Without any pictures, retype exactly the lines that begin at the one holding "Archivero movil en" and end at the last line of the data below.

** Opening Supplied information block **

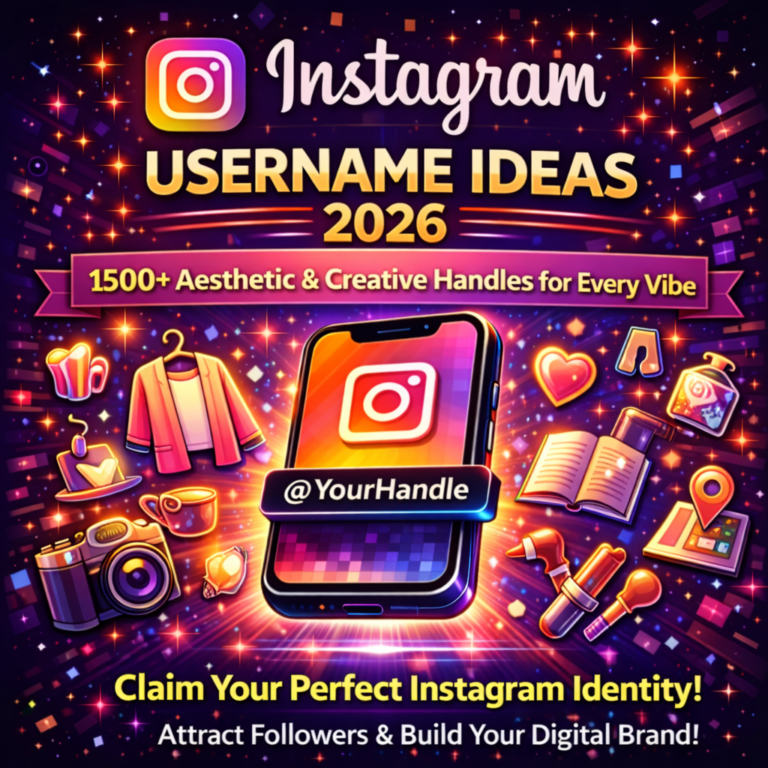 Instagram Username Ideas 2026: 1500+ Aesthetic & Creative Handles for Every Vibe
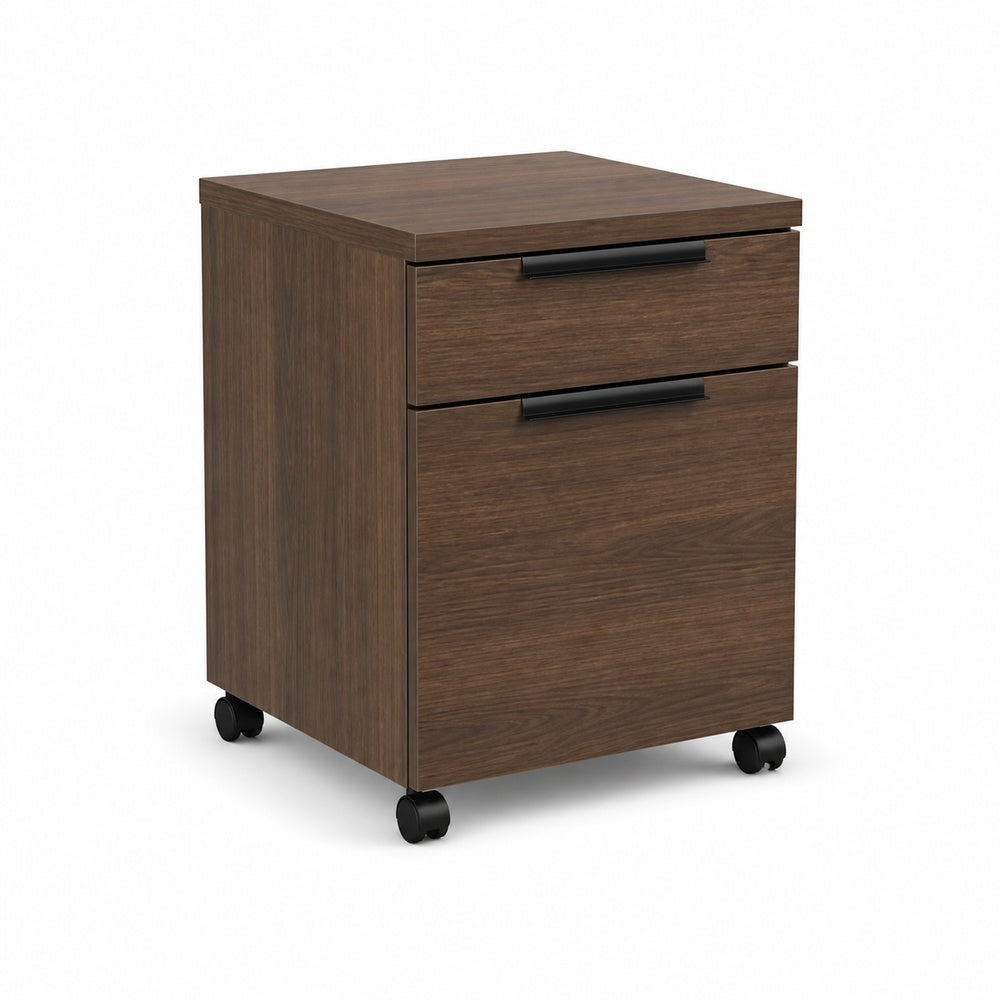 Archivero movil en melamina Grupo Versa Complementos con 1 cajon y 1 gaveta y ruedas, 40x50.5x50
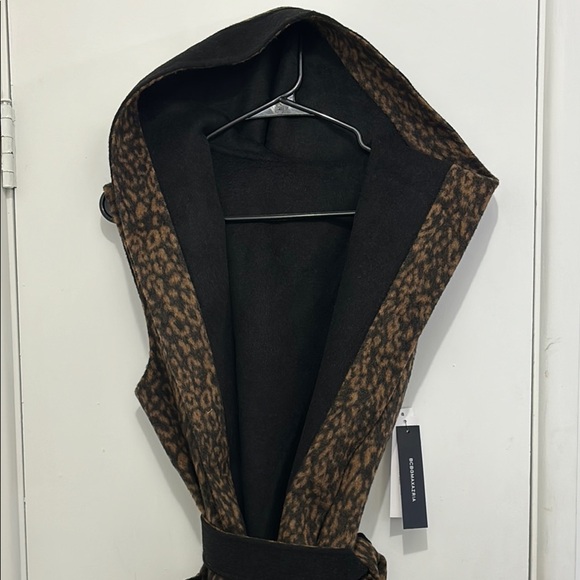 BCBGMAXAZRIA Leopard Print Hooded Dress - Picture 2 of 6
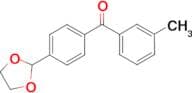 4'-(1,3-dioxolan-2-yl)-3-methylbenzophenone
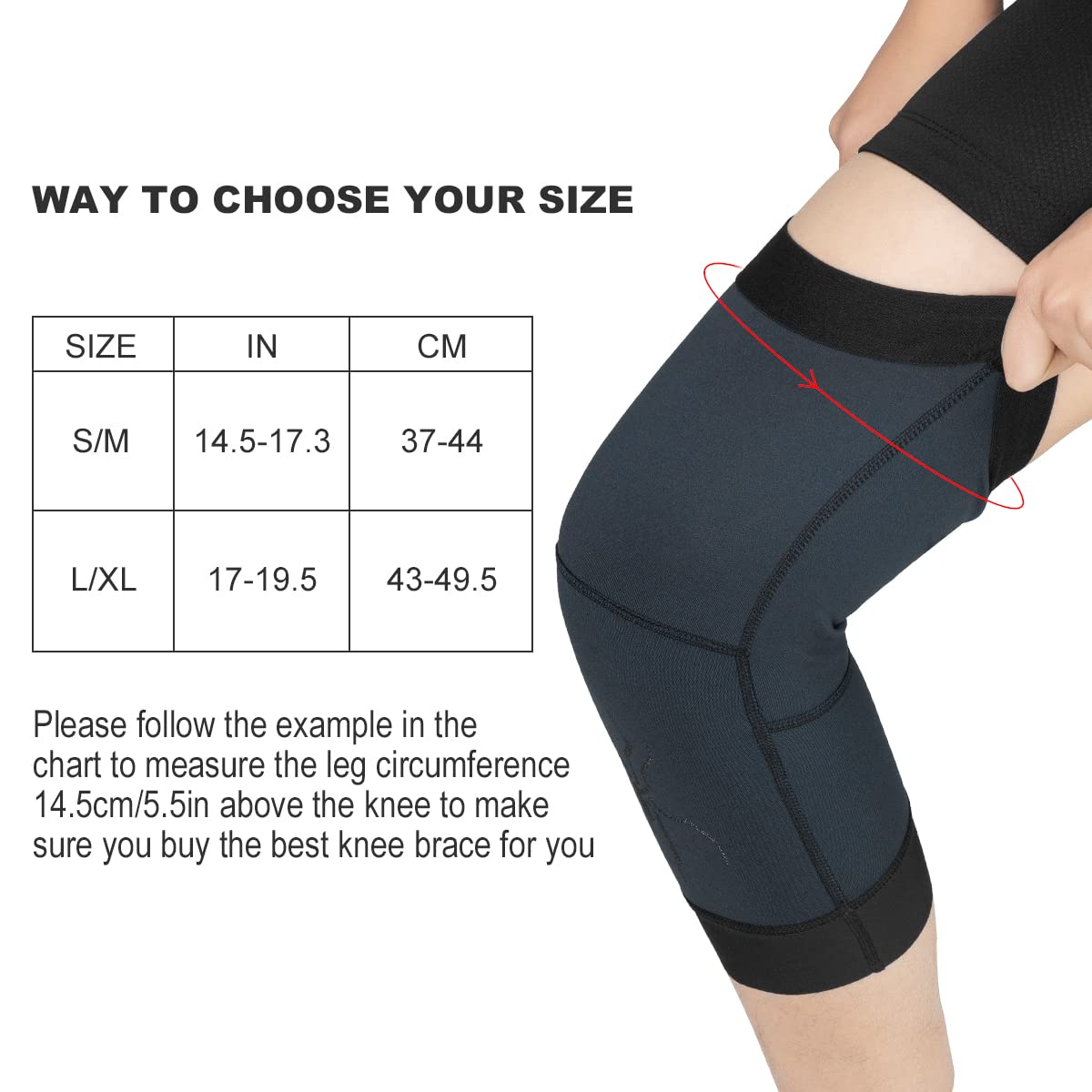 ROCKBROS Thermal Knee Warmer Men Anti-Slip Knee Brace Sleeves for Winter Cycling  Basketball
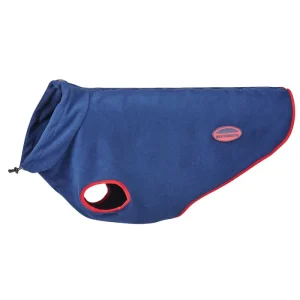 Abrigo Perro Con Cremallera Fleece Azul Rojo Blanco Weatherbeeta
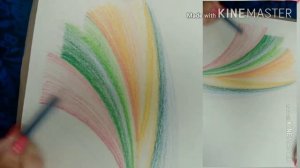 Градиент и оттенки цветными карандашами.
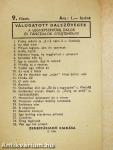Válogatott dalszövegek 9.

** Closing Supplied information block **

- **Solution to this task**:
 Archivero movil en melamina Grupo Versa Complementos con 1 cajon y 1 gaveta y ruedas, 40x50.5x50
 BCBGMAXAZRIA Leopard Print Hooded Dress - Picture 2 of 6
 4'-(1,3-dioxolan-2-yl)-3-methylbenzophenone
 ROCKBROS Thermal Knee Warmer Men Anti-Slip Knee Brace Sleeves for Winter Cycling  Basketball
 Abrigo Perro Con Cremallera Fleece Azul Rojo Blanco Weatherbeeta
 Градиент и оттенки цветными карандашами.
Válogatott dalszövegek 9.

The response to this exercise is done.